The Tahoe study shows that the ratio of UV to the visible light plants need (PAR) also changes sharply with the climate rhythm, shifting ecological balances throughout the food web.
Because clear alpine and polar lakes share Lake Tahoe’s optical character, the team warns that clear-water lakes are likely to experience increasingly large fluctuations in underwater UV and spectral irradiance. These shifts are expected to intensify as precipitation extremes become more frequent.
The researchers found that UV transparency tracks regional hydrology more sensitively than traditional clarity measures such as the Secchi disk.
In Lake Tahoe, the depth at which a white disk disappears to the eye changed far less between wet and dry years than the UV measurements did. That makes underwater light a potential early-warning signal for managers watching for climate-driven disturbances.
Thus, monitoring underwater radiation can serve as a sentinel. It alerts authorities to water quality, fisheries, and recreation stresses long before they appear at the surface.
Maintaining an unbroken observational line was crucial. “To understand what’s really happening in nature, the long-term dataset is quite important,” Watanabe said. “One or two years of data couldn’t reveal this kind of huge fluctuation related to climatic perturbations.”
The record also shows how global trends translate into local impacts. A future of alternating megadroughts and deluges could cause Tahoe and other clear lakes to swing between extremes.
Some years may bring hyper-sterilizing UV pulses, while others may see UV-muted, nutrient-rich waters that fuel algal blooms.
The findings stress curbing erosion and runoff of fine sediments and colored organics to protect Lake Tahoe’s clarity. These measures can help restore Lake Tahoe’s natural UV and sunlight sunscreen, even during wet years.

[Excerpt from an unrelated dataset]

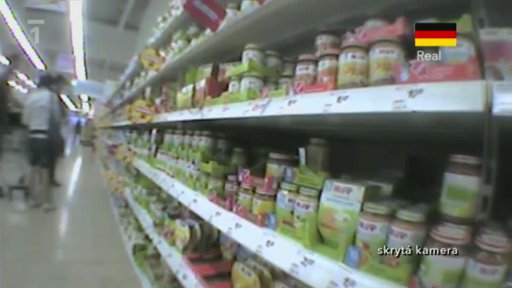 Nabídka v obchodech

At the same time, understanding that drought may expose deeper layers to damaging radiation could influence habitat protection for plankton, juvenile fish, and amphibians.
The study blends painstaking fieldwork with a simple message: climate change does not just warm lakes; it changes the color and character of the light that reaches their depths.
In Lake Tahoe’s shifting shades of ultraviolet, scientists can read both the scars of recent droughts and the fingerprints of storms still to come.
The study is published in the journal Limnology and Oceanography Letters.